* [What needs to be done]: Pictures stay out; everything else in the listing below is to be restated word for word.

* [Data]:
########################################

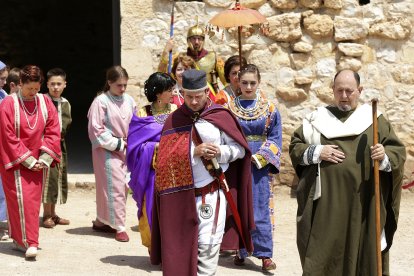 Imatge d’una representació de reconstrucció històrica al Conjunt romà de Centcelles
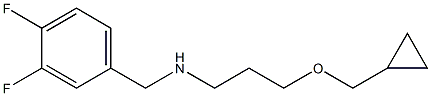  [3-(cyclopropylmethoxy)propyl][(3,4-difluorophenyl)methyl]amine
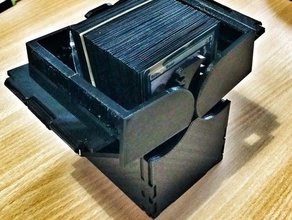 ccg deck box ausgerichtet drehbar gelagerten Deckel Spiele Karten customizer mtg 3d print model - Mito3D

########################################

* [Response]:
 Imatge d’una representació de reconstrucció històrica al Conjunt romà de Centcelles
  [3-(cyclopropylmethoxy)propyl][(3,4-difluorophenyl)methyl]amine
 ccg deck box ausgerichtet drehbar gelagerten Deckel Spiele Karten customizer mtg 3d print model - Mito3D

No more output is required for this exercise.